### What this task involves:
Pictures stay out of the copy, which must hold exactly the lines from the one containing "Beauty Influencer Social" through the end of the material below.

### Raw data:
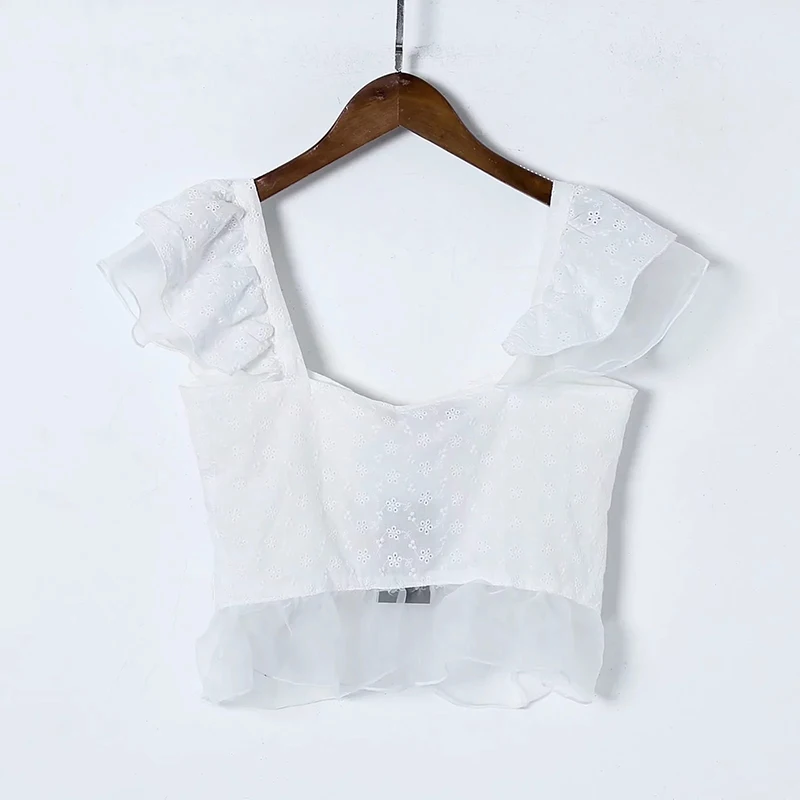 Лето 2019 boho Белый короткий топ Женская блузка Сексуальная вышивка рукав женские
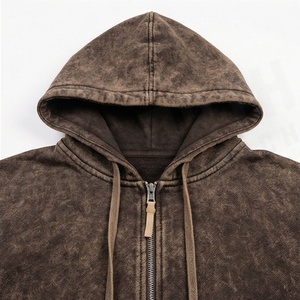 Survêtement éco-responsable grande taille délavé à l'acide, sweat à capuche zippé d'hiver respirant avec motif lettres, couleur personnalisable - Product Image 4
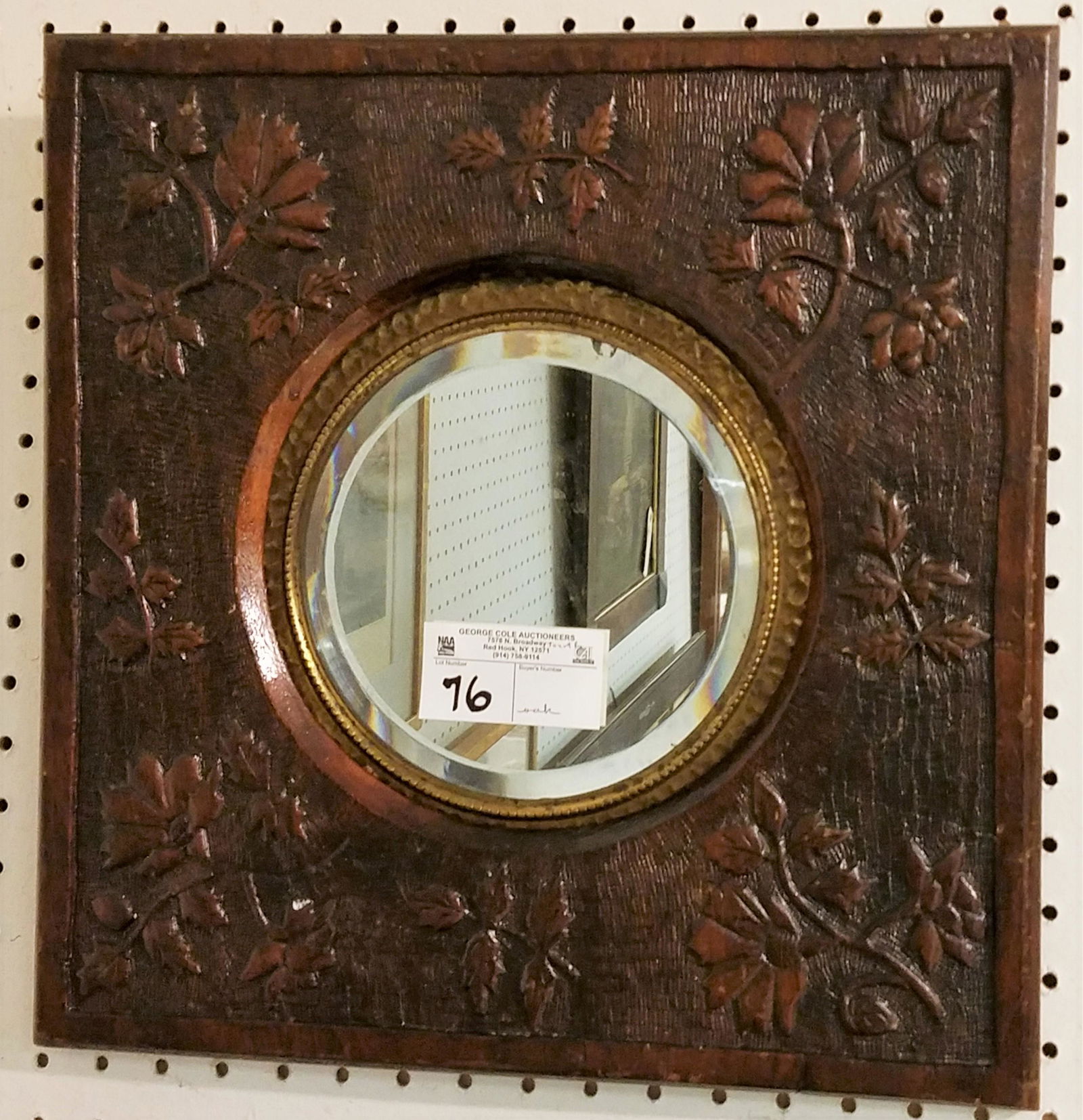 CARVED OAK FRAMED BEVELLED MIRROR 16" SQ (1 of 1)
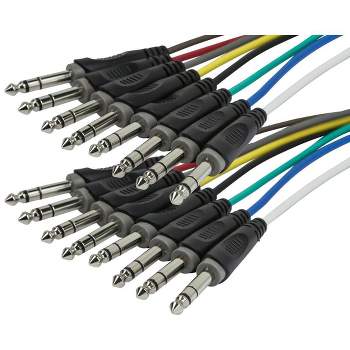 Monoprice 8-Channel 1/4 Inch TRS Male to 1/4 Inch TRS Male Snake 26AWG Cable C/d - 3 Feet With 8 Balanced Mono / Unbalanced Stereo Lines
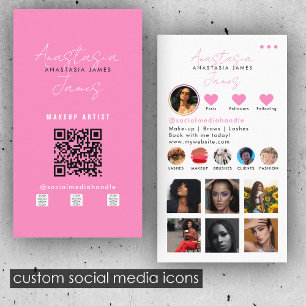 Beauty Influencer Social Media QR Code Pink Business Card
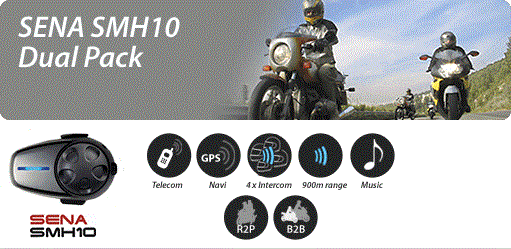 SENA SMH10 Dual Motorcycle Bluetooth Headset and Intercom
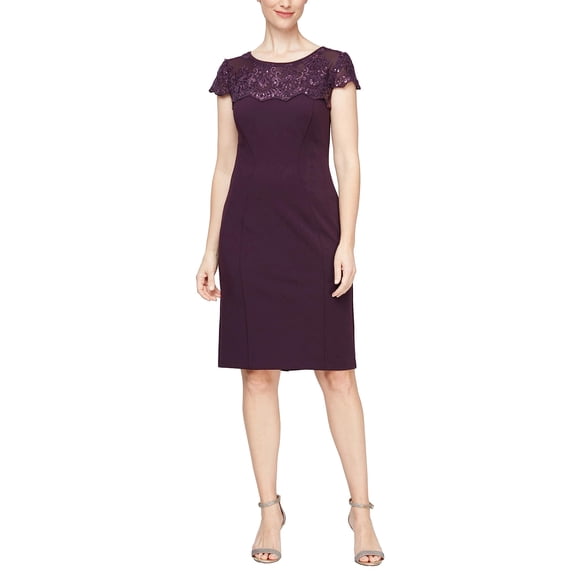 Alex Evenings Women's Petite Short Embroidered Dresses, Eggplant Crepe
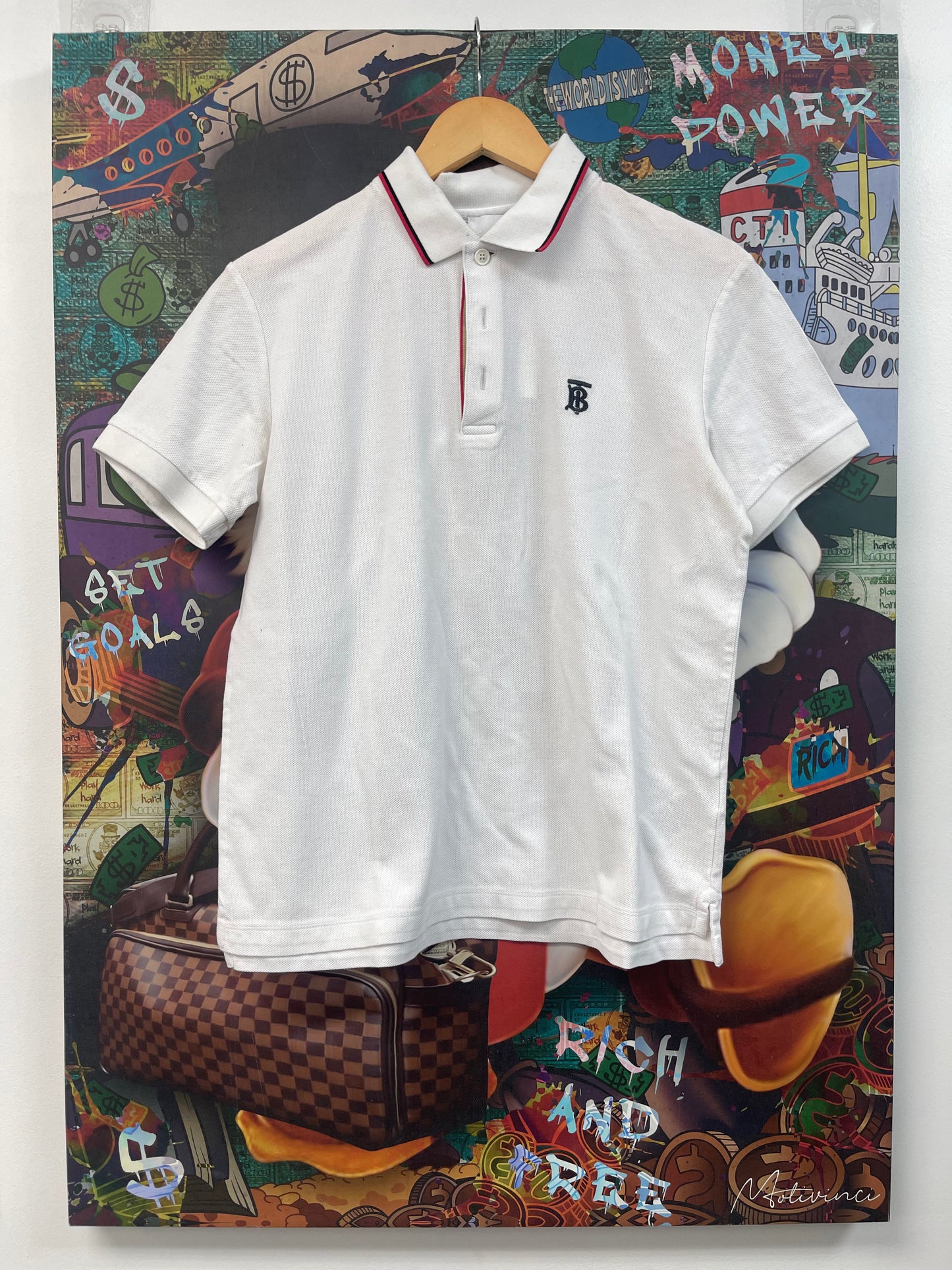 Burberry White Black Polo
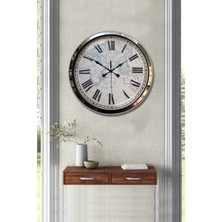 Falez Decor 40 cm Metal Romen Rakamlı Rakam Dünya Haritası Kadranlı Modern Dekoratif Lüks Duvar Saati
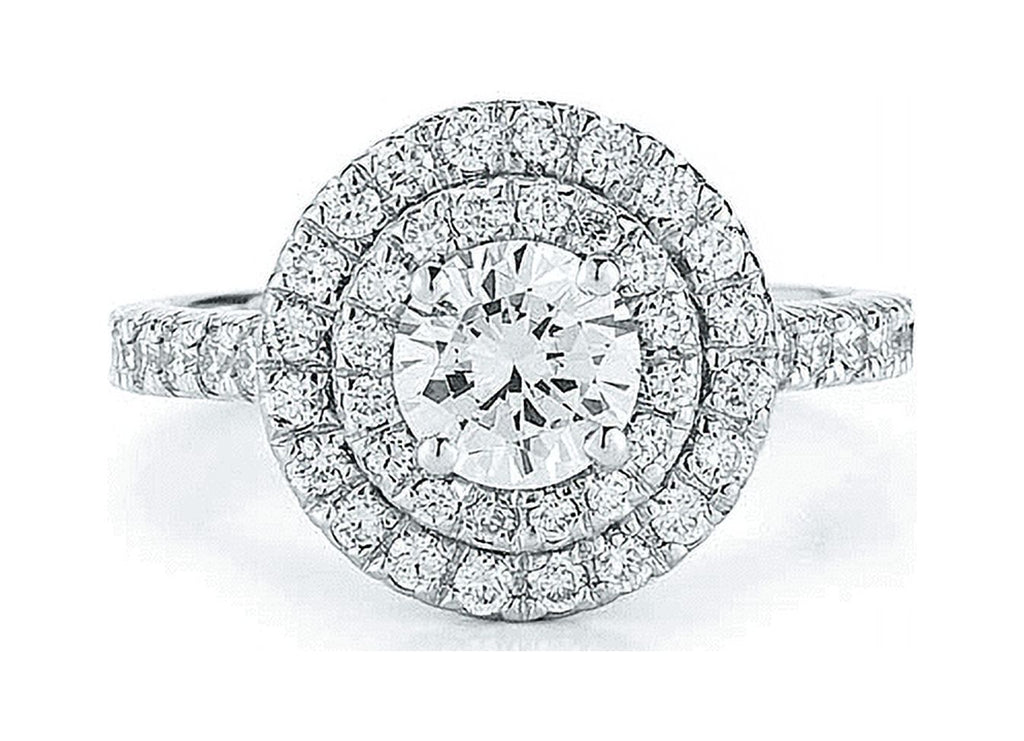 14k White Gold Double Halo Engagement Ring T5844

### Answer to this task:
 Beauty Influencer Social Media QR Code Pink Business Card
 SENA SMH10 Dual Motorcycle Bluetooth Headset and Intercom
 Alex Evenings Women's Petite Short Embroidered Dresses, Eggplant Crepe
 Burberry White Black Polo
 Falez Decor 40 cm Metal Romen Rakamlı Rakam Dünya Haritası Kadranlı Modern Dekoratif Lüks Duvar Saati
 14k White Gold Double Halo Engagement Ring T5844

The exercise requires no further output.